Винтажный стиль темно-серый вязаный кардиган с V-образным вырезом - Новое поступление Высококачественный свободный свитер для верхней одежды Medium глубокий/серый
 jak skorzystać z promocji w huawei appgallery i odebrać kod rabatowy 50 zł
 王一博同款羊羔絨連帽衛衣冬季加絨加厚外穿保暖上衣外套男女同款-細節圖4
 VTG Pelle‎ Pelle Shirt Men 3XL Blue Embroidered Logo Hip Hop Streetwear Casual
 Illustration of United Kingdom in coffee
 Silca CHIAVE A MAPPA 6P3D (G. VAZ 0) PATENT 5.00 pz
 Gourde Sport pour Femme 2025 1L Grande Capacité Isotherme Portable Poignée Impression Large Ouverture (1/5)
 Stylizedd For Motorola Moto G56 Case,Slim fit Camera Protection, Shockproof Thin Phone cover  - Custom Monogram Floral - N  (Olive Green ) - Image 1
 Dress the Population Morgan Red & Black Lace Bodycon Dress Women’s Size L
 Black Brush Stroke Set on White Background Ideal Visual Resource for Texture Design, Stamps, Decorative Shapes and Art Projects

▶ [Task objective] Look through the material above and print exactly the lines from the one containing "Silca CHIAVE A" to the one containing "Gourde Sport pour", both included, and nothing more.

▶ [Response to the exercise]
 Silca CHIAVE A MAPPA 6P3D (G. VAZ 0) PATENT 5.00 pz
 Gourde Sport pour Femme 2025 1L Grande Capacité Isotherme Portable Poignée Impression Large Ouverture (1/5)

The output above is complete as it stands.